DIA-NN 2.0 and tsv file output

iq
protein quantification
R
script
Author

Thang V. Pham

Published

March 1, 2025

From version 2.0, DIA-NN stops producing output in the tab-delimited text format (.tsv). It uses the parquet data format. In our experiments, a .parquet file output is about 10 times smaller than the equivalent .tsv file. If your downstream processing tool requires a .tsv file as input, you can convert a .parquet file to .tsv file using the R package arrow.

require("arrow")
# if the package "arrow" is not available, you can install it by 
# install.packages("arrow") 

write.table(arrow::read_parquet("report.parquet"), "report.tsv", 
            sep = "\t", row.names = FALSE, quote = FALSE)

DIA-MS quantification at the fragment level

For protein quantification using MS/MS fragments, one needs to switch on the --export-quant flag

Screenshot of the DIA-NN 2.0.2 parameter box

The fragment intensities will be in the .parquet file columns Fr.0.Quantity, Fr.1.Quantity, and so on till Fr.11.Quantity. We can combine all quantitative information in a new column called Intensities as input to the iq R package.

raw <- arrow::read_parquet("report.parquet")

raw$Intensities = paste(raw$Fr.0.Quantity, raw$Fr.1.Quantity, raw$Fr.2.Quantity, 
                        raw$Fr.3.Quantity, raw$Fr.4.Quantity, raw$Fr.5.Quantity, 
                        raw$Fr.6.Quantity, raw$Fr.7.Quantity, raw$Fr.8.Quantity, 
                        raw$Fr.9.Quantity, raw$Fr.10.Quantity, raw$Fr.11.Quantity, sep = ";")

write.table(raw, "report.tsv", sep = "\t", row.names = FALSE, quote = FALSE)

We can then process the resulting report.tsv file using iq.

iq::process_long_format("report.tsv", 
                        output_filename = "report-protein-group.txt", 
                        sample_id = "Run",
                        intensity_col = "Intensities",
                        annotation_col = c("Protein.Ids","Protein.Names", "Genes"),
                        filter_double_less = c("Q.Value" = "0.01", "PG.Q.Value" = "0.05", 
                                               "Lib.Q.Value" = "0.01", 
                                               "Lib.PG.Q.Value" = "0.01"))

A smaller tsv file

You can also just store necessary columns for iq processing, or filtering out fragments that will not be used, or both.
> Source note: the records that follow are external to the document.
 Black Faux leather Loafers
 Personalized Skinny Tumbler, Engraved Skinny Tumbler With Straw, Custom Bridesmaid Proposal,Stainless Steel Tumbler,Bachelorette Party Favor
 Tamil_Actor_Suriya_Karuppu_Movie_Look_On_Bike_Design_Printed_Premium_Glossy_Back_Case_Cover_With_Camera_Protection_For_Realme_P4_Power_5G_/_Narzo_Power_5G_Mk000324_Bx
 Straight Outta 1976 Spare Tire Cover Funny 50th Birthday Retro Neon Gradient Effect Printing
raw <- arrow::read_parquet("report.parquet")

raw$Intensities = paste(raw$Fr.0.Quantity, raw$Fr.1.Quantity, raw$Fr.2.Quantity, 
                        raw$Fr.3.Quantity, raw$Fr.4.Quantity, raw$Fr.5.Quantity, 
                        raw$Fr.6.Quantity, raw$Fr.7.Quantity, raw$Fr.8.Quantity, 
                        raw$Fr.9.Quantity, raw$Fr.10.Quantity, raw$Fr.11.Quantity, sep = ";")

selected <- raw$Q.Value < 0.01 & raw$PG.Q.Value < 0.05 & 
            raw$Lib.Q.Value < 0.01 & raw$Lib.PG.Q.Value < 0.01

raw <- raw[selected, c("Run", "Protein.Group", "Precursor.Id", "Precursor.Normalised",
                       "Protein.Ids","Protein.Names", "Genes", "Intensities")]
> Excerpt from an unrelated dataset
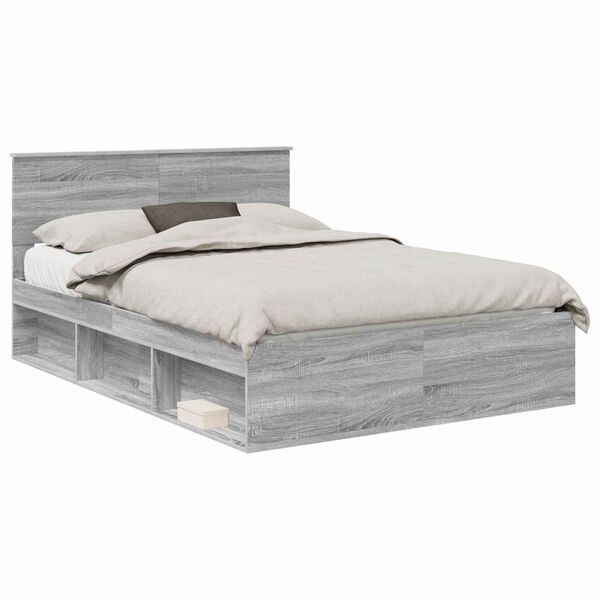 vidaXL Estructura de cama con cabecera Gris Sonoma 140 x 190 cm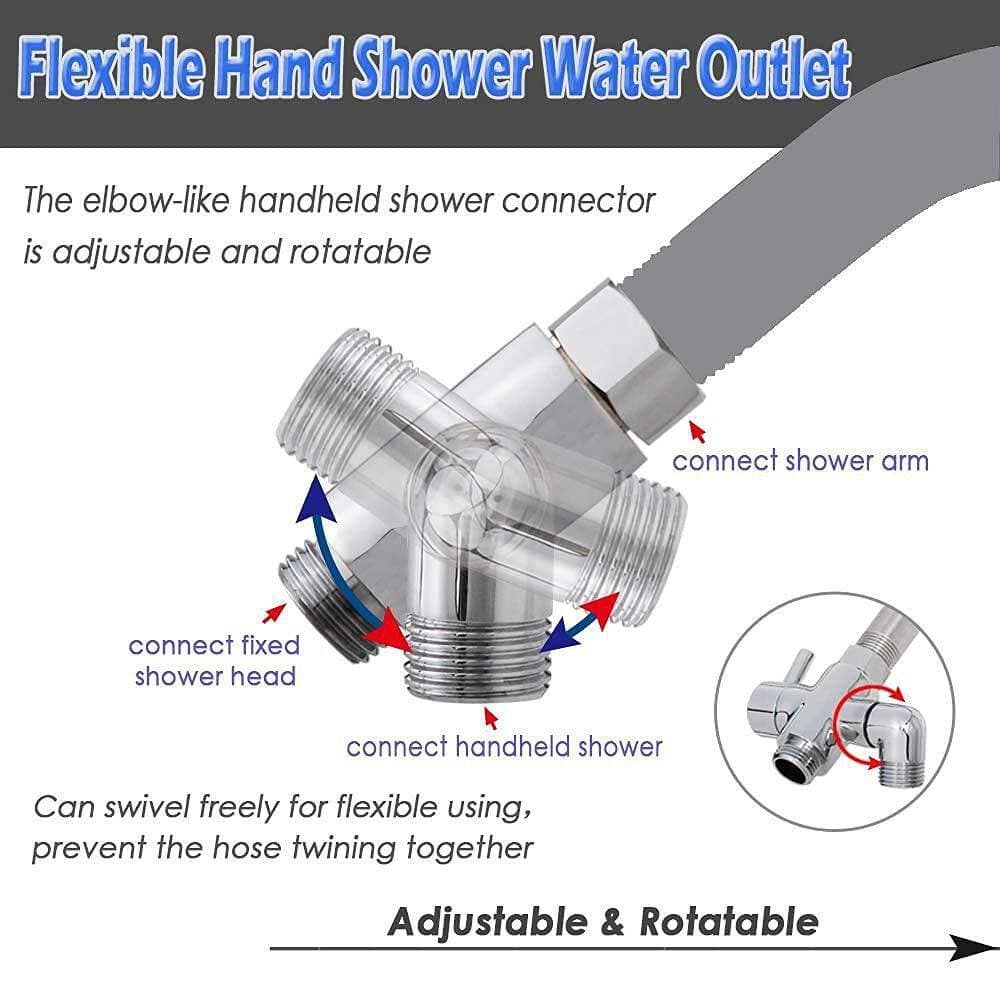 Numhew 1-Piece Shower Arm Diverter Valve with 3-Way Diverter in Polished Chrome (3)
write.table(raw, "report-trimmed.tsv", sep = "\t", row.names = FALSE, quote = FALSE)

iq::process_long_format("report-trimmed.tsv", 
                    output_filename = "report-protein-group-trimmed.txt", 
                    sample_id = "Run",
                    intensity_col = "Intensities",
                    annotation_col = c("Protein.Ids","Protein.Names", "Genes"),
                    filter_double_less = NULL)

Open a big tsv file with Excel

Usually not a good idea. A big .tsv file is not suitable for Excel. I often look at the head of the file to check if the headers are ok.

# On Unix-like systems
head report.tsv > report-head.tsv
# On Window PowerShell
gc report.tsv -head 10 > report-head.tsv

The resulting file report-head.tsv can be easily opened by Excel for examination.